Jose Luis Vazquez Martinez

Three trajectories of implementation of medications for opioid use disorder in primary care

Jose Luis Vazquez Martinez -

Source:

Kepner, W., Vest, N., Risner, E. et al. Three trajectories of implementation of medications for opioid use disorder in primary care. Addict Sci Clin Pract 20, 69 (2025). https://doi.org/10.1186/s13722-025-00600-y

 

Abstract

Background

The opioid epidemic has prompted nationwide efforts to expand access to medications for opioid use disorder (MOUD). Primary care settings have been identified as a critical access point for patients who may benefit from MOUD treatments.
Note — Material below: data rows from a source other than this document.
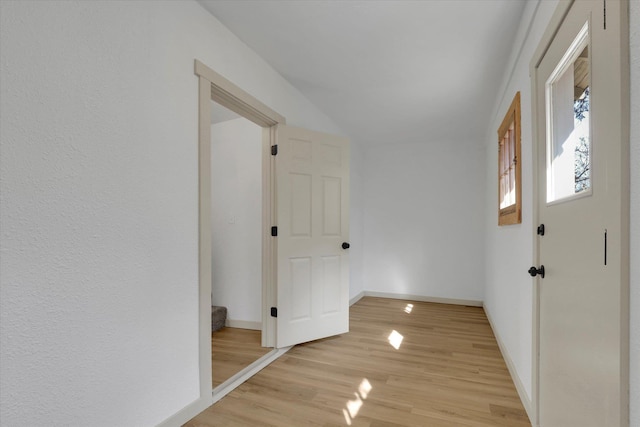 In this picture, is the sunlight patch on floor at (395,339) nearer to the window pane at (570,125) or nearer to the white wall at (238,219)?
the white wall at (238,219)

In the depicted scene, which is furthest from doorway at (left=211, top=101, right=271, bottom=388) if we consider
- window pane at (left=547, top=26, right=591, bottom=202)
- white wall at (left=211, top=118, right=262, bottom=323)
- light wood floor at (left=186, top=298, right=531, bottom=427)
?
window pane at (left=547, top=26, right=591, bottom=202)

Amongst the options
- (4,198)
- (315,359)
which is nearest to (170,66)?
(4,198)

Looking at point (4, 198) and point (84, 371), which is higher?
point (4, 198)

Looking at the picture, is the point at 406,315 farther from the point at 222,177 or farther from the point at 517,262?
the point at 222,177

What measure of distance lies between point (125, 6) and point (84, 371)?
1.67m

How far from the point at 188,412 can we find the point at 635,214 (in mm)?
2237

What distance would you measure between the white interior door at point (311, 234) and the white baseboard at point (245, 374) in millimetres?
91

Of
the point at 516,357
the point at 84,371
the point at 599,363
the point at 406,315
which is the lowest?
the point at 406,315

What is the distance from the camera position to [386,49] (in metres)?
2.47

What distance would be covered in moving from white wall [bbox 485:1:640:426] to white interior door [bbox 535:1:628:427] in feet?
0.12

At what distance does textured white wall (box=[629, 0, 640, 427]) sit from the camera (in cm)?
83

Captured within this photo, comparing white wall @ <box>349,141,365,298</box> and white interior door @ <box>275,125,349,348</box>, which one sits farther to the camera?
white wall @ <box>349,141,365,298</box>

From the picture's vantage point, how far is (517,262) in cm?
227

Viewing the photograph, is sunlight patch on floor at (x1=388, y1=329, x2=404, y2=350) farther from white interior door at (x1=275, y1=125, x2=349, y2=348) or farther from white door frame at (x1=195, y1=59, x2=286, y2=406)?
white door frame at (x1=195, y1=59, x2=286, y2=406) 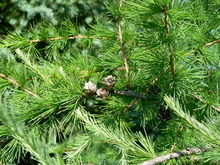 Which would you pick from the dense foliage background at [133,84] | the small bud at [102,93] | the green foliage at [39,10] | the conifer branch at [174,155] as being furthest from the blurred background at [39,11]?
the conifer branch at [174,155]

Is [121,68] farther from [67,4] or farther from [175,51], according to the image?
[67,4]

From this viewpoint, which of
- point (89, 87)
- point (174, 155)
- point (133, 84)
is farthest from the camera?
point (133, 84)

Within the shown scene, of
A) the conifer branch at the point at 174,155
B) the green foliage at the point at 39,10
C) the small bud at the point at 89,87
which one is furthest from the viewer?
the green foliage at the point at 39,10

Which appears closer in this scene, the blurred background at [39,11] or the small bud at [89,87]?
the small bud at [89,87]

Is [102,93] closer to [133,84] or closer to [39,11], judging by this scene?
[133,84]

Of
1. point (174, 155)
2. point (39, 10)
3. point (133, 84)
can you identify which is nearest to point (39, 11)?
point (39, 10)

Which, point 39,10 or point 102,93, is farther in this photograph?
point 39,10

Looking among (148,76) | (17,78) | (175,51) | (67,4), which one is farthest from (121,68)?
(67,4)

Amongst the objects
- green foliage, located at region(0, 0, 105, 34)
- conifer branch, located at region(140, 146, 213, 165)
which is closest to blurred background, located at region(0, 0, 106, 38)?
green foliage, located at region(0, 0, 105, 34)

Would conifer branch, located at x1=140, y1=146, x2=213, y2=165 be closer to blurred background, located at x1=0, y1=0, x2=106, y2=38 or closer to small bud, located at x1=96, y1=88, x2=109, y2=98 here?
small bud, located at x1=96, y1=88, x2=109, y2=98

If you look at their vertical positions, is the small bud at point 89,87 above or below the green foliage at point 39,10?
above

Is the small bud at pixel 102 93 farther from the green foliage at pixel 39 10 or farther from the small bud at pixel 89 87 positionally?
the green foliage at pixel 39 10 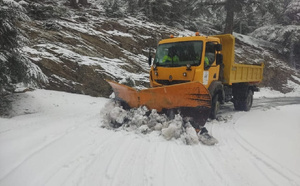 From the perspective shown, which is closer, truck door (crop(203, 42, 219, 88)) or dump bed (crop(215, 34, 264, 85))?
truck door (crop(203, 42, 219, 88))

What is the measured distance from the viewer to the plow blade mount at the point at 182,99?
16.6 ft

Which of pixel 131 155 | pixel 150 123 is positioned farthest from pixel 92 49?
pixel 131 155

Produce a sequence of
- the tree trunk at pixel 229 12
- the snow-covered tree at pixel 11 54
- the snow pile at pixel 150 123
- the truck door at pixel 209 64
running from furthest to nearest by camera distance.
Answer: the tree trunk at pixel 229 12 → the truck door at pixel 209 64 → the snow-covered tree at pixel 11 54 → the snow pile at pixel 150 123

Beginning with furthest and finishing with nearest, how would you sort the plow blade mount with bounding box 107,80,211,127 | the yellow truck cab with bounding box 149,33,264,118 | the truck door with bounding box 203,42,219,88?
the truck door with bounding box 203,42,219,88
the yellow truck cab with bounding box 149,33,264,118
the plow blade mount with bounding box 107,80,211,127

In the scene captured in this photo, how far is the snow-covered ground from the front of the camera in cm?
Result: 308

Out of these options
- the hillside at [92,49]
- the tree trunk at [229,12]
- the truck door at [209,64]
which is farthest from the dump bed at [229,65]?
the tree trunk at [229,12]

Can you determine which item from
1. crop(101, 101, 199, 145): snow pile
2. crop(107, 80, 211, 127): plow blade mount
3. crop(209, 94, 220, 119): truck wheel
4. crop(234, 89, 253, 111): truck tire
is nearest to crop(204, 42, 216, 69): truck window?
crop(209, 94, 220, 119): truck wheel

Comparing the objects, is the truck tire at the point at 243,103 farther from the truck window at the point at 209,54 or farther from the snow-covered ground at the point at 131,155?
the truck window at the point at 209,54

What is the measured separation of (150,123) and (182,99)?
912 millimetres

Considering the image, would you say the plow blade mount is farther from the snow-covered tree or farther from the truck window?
the snow-covered tree

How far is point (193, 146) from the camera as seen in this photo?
4.40 m

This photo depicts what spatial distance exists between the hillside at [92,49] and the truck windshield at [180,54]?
3242 mm

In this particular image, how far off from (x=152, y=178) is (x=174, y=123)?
193 centimetres

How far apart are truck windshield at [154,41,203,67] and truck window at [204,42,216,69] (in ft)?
0.69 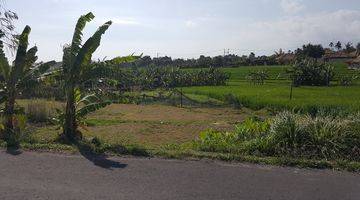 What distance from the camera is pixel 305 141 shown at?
29.0 feet

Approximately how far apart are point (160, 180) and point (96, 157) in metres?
1.86

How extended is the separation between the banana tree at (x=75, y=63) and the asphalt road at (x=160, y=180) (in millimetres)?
3300

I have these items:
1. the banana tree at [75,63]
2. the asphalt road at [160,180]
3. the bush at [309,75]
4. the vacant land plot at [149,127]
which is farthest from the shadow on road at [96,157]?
the bush at [309,75]

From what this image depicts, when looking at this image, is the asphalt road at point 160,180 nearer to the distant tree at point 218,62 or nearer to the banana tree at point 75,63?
the banana tree at point 75,63

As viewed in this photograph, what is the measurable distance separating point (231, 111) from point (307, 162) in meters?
20.1

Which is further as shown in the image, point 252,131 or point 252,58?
point 252,58

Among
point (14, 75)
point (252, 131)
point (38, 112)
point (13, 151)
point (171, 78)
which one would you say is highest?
point (14, 75)

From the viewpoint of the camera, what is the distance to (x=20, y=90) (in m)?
12.7

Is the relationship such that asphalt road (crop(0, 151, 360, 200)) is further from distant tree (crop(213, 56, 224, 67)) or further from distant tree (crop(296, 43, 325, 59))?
distant tree (crop(296, 43, 325, 59))

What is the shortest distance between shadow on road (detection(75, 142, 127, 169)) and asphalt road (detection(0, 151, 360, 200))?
0.02 m

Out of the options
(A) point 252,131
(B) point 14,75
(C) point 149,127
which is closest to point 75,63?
(B) point 14,75

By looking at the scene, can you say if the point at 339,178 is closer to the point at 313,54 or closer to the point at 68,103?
the point at 68,103

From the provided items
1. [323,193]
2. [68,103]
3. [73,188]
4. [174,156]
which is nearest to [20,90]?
[68,103]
Despite implementation efforts, there is limited understanding of how MOUD practice capability in primary care settings evolves over time or what factors influence clinic-level implementation trajectories.

Methods

We conducted a longitudinal study of 95 primary care clinics in California from 2019 to 2024. MOUD practice capability was measured using the Integrating Medications for Addiction Treatment in Primary Care (IMAT-PC) index across three timepoints. Using latent class growth analysis, we analyzed implementation growth trajectories and examined their associations with clinic characteristics and MOUD implementation outcomes (e.g., patient reach and provider adoption).

Results

Three distinct implementation trajectory classes emerged: elevated improving (41.0%), moderate improving (47.4%), and low improving (11.6%). All clinics demonstrated improvements in MOUD practice capability over time. Elevated improving clinics primarily consisted of smaller clinics (< 15,000 patients) and achieved significantly higher number of patients receiving MOUD compared to moderate (p = 0.03) and low improving clinics (p = 0.04). Clinics serving medically underserved populations disproportionately represented the low improving class (p < 0.01). Increase in the number of providers prescribing MOUD did not differ significantly across trajectory classes.

Conclusions

Although all clinics increased MOUD capability, we found significant associations between implementation trajectory classes and changes in patients receiving MOUD over time in primary care-based MOUD programs. Implementation supports may be more effective and efficient if selected and delivered based upon clinic contextual factors, particularly in resource-constrained and underserved settings.